This tutorial will explore the topics of ARP and ARP poisoning and provide necessary background information dealing with ARP for future tutorials.

What is ARP?

From Wikipedia.org:

"Address Resolution Protocol (ARP) is the method for finding a host's hardware address when only its IP address is known. Due to the overwhelming prevalence of IPv4 and Ethernet, ARP is primarily used to translate IP addresses to Ethernet MAC addresses.

ARP is used in four cases of two hosts communicating:

  1. When two hosts are on the same network and one desires to send a packet to the other
  2. When two hosts are on different networks and must use a gateway router to reach the other host
  3. When a router needs to forward a packet for one host through another router
  4. When a router needs to forward a packet from one host to the destination host on the same network

The first case is used when two hosts are on the same physical network (that is, they can directly communicate without going through a router). The last three cases are the most used over the Internet as two computers on the internet are typically separated by more than 3 hops.

Imagine computer A sends a packet to computer D and there are two routers, B & C, between them. Case 2 covers A sending to B; case 3 covers B sending to C; and case 4 covers C sending to D.

ARP is defined in RFC 826"

Why do we care?

To further break down the information above, an ARP request is sent when Computer A wishes to talk to Computer B, but does not know Computer B's MAC address. An ARP request is transmitted out over the LAN requesting the information. Computer B responds with the requested information in the form of an ARP reply.

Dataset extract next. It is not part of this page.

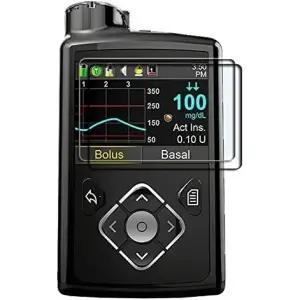 메드트로닉 미니메드 630G/640G/670G/770G 인슐린 펌프용 우스타SNK(2팩) 플렉시블 유리 스크린 프로텍터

It's definitely worth noting here that ARP is a stateless protocol, meaning the protocol does not keep track of requests and replies. When Computer A requests Computer B's MAC address it does not keep a record that it sent out an ARP request and in fact will accept an ARP reply at any time, accepting the information contained within blindly. Hopefully the wheels in your mind are starting to turn as to the possibilities this opens for us.

Enter ARP Poisoning :

ARP Poisoning or Spoofing is the process of sending out fake ARP replies to hosts on the LAN in order to redirect their communications (Man-in-the-Middle) or to stop communications altogether (Denial of Service). Hosts receive these spoofed ARP replies and add them to their ARP tables without question. From this point depending on your attack you have control of the LAN.